◆ Exercise prompt
Wherever pictures appear in the listing below, leave them out, and copy exactly, and only, everything from the line with "under a ceiling" down to the line with "Professional woman in".

◆ Records to process
|---|

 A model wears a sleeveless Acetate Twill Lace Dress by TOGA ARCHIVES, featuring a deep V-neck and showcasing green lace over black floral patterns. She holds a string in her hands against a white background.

|---|

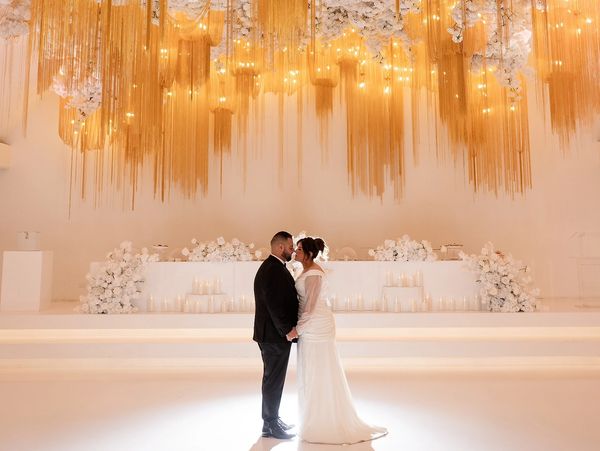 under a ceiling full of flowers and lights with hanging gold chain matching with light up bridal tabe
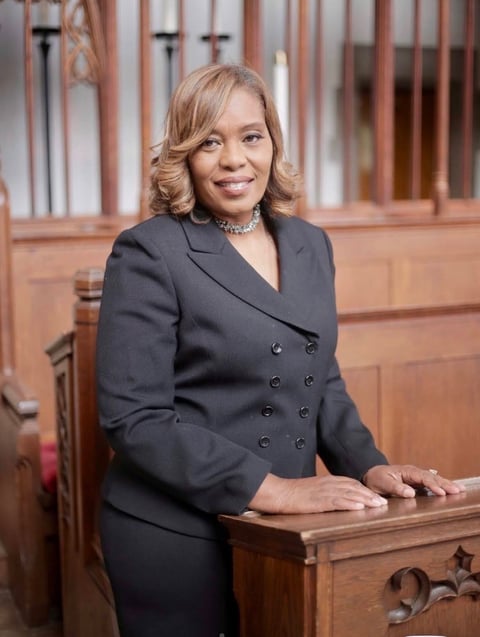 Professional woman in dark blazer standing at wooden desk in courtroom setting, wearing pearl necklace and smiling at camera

|---|

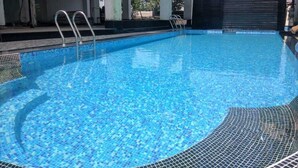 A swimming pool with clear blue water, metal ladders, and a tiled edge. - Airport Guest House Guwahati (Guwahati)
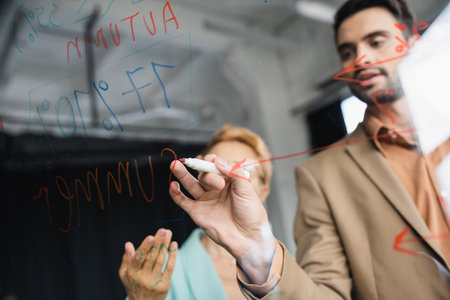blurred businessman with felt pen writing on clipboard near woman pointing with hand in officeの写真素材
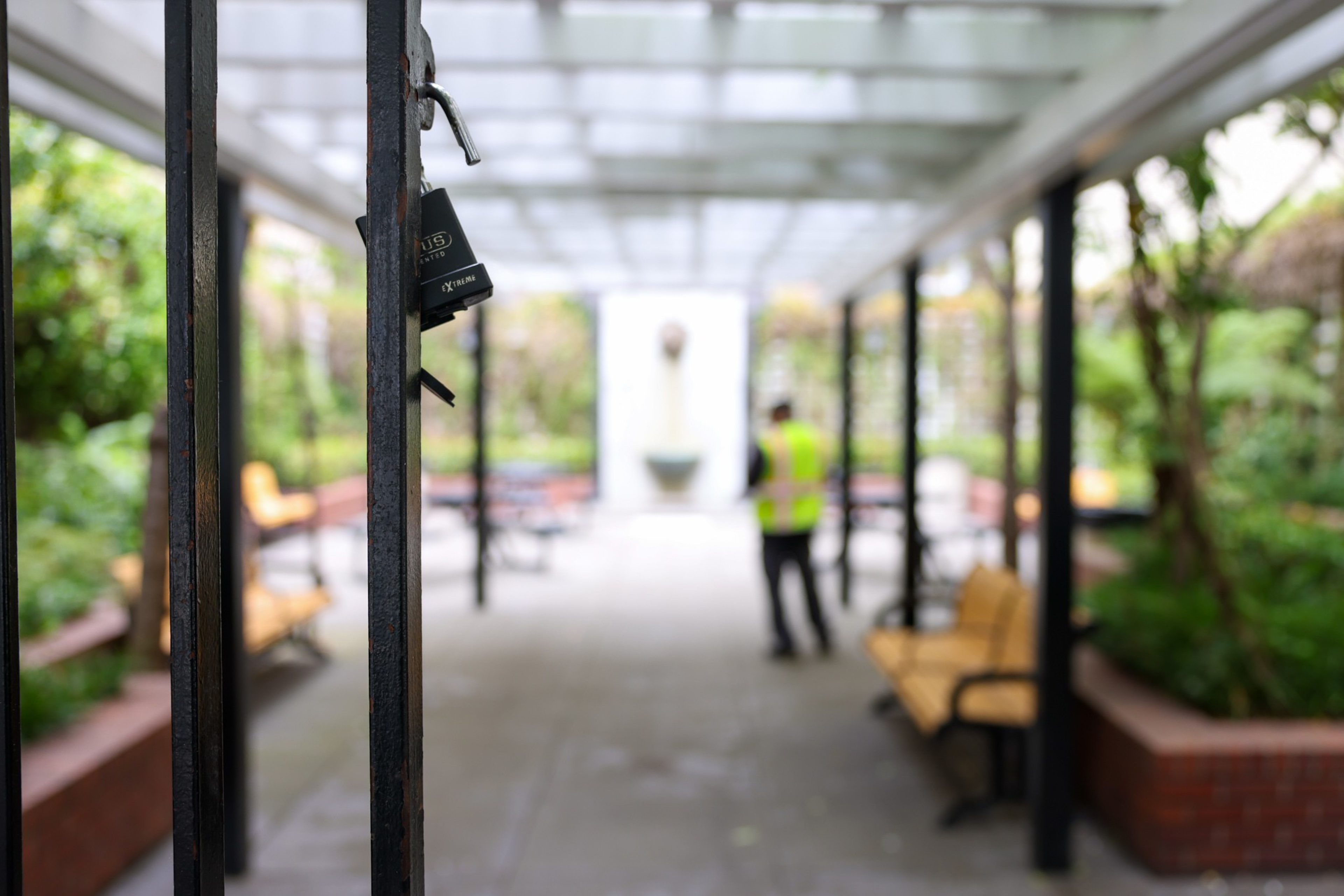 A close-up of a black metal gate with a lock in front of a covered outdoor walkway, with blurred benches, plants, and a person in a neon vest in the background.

|---|

◆ Reply to the exercise
 under a ceiling full of flowers and lights with hanging gold chain matching with light up bridal tabe
 Professional woman in dark blazer standing at wooden desk in courtroom setting, wearing pearl necklace and smiling at camera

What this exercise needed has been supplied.